L'ENISA, l'agence européenne de sécurité des réseaux et de l'information, a récemment pris position sur les cookies de nouvelle génération (« Bittersweet cookies. Some security and privacy considerations » - 2 fév. 2011) qui « sous la direction des industriels de la publicité, ont été utilisés à d'autres fins : gestion publicitaire, profilage, tracking, etc. ». Afin de minimiser leurs effets sur la protection de la vie privée et de favoriser la transparence, l'agence fournit, entre autres, les recommandations suivantes : (i) le consentement éclairé de l'internaute doit servir de guide à la conception des systèmes utilisant des cookies; (ii) les utilisateurs doivent avoir la possibilité de gérer aisément les cookies et en particulier les nouveaux types de cookies.

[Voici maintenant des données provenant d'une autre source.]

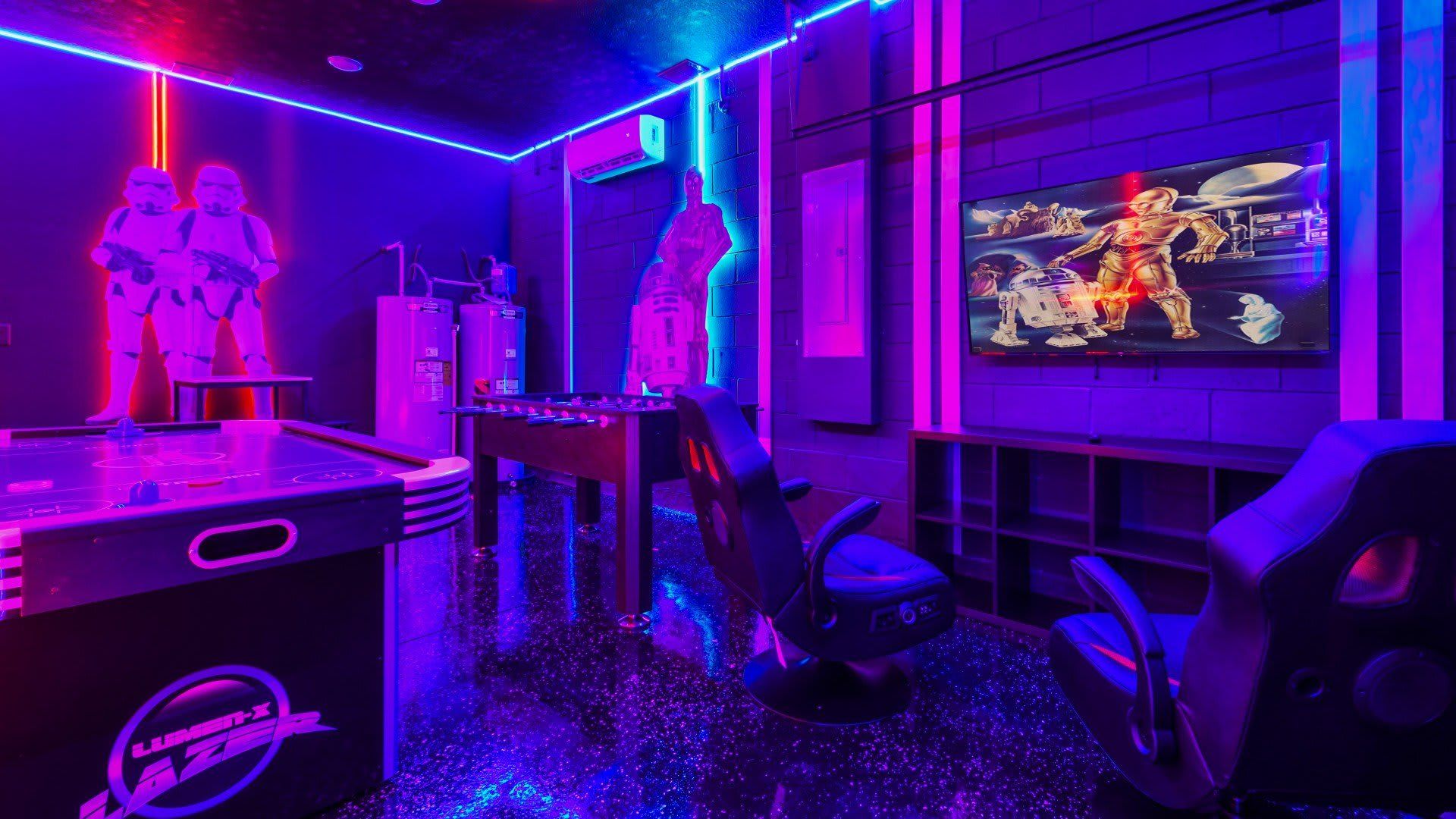 The game room is stylishly furnished with Star Wars theme with cool lights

À ce titre, tous les cookies doivent inclure des mécanismes de retrait faciles à comprendre et à utiliser par tout utilisateur ; (iii) le stockage de cookies en dehors du contrôle des navigateurs doit être limité ou interdit et (iv) une autre voie de service doit être fournie aux utilisateurs qui n'acceptent pas les cookies. Ce dernier point sera difficilement accepté par les services en ligne et les annonceurs car actuellement de nombreux services Web refusent la connexion des utilisateurs en cas de blocage des cookies.

Ces recommandations ne resteront pas lettre morte. En effet, des changements sont en cours : la directive 2009/136/CE du 25 novembre 2009 modifie la directive du 12 juillet 2002 et doit être transposée en droit interne avant le 25 mai 2011. C'est pourquoi le gouvernement a annoncé ces dernières semaines qu'il allait encadrer l'usage des cookies sur Internet. Ce nouvel encadrement se traduira par l'obligation d'informer l'internaute sur l'usage exact du cookie et de lui demander l'autorisation d'installation au préalable.

Concrètement, les sites et régies publicitaires seront dans l'obligation d'informer l'internaute sur la finalité du cookie et de demander son accord préalable avant de le déposer sur son ordinateur (par exemple en cliquant sur une fenêtre qui s'affichera). Un tel processus, selon Jérôme de Labriffe, président du bureau de promotion de la communication interactive IAB France, interrogé par l'AFP « frise l'aberration totale ». Bien qu'il accepte « le principe de donner la main à l'utilisateur », il indique qu' « imposer une restriction très contraignante sur les cookies est quasiment inapplicable: ça va devenir ingérable de devoir lui demander son assentiment à chaque fois qu'il ouvre une page ! ». Conformément à ce que préconise l'ENISA, les cookies concernés seront ceux qui conservent les données personnelles des internautes, et non ceux servant à faciliter la navigation (comme ceux par exemple conservant l'identifiant et le mot de passe de l'utilisateur lui évitant de réitérer son enregistrement à chaque connexion).

Plusieurs sociétés travaillent déjà depuis un moment sur le sujet telles que Mozilla, Google et plus récemment Microsoft avec la technologie « Do not Track » offrant une option aux internautes qui ne souhaitent pas que les sites visités utilisent certaines données pour de la publicité comportementale. Le mouvement est donc en marche et l'enjeu à la hauteur des efforts demandés comme l'a déclaré le directeur de l'ENISA : « De nombreux efforts sont nécessaires pour rendre ces cookies de nouvelle génération aussi transparents et contrôlables par l'utilisateur que les cookies HTTP ordinaires, en vue de sauvegarder les aspects liés à la vie privée et à la sécurité aussi bien des consommateurs que des entreprises ».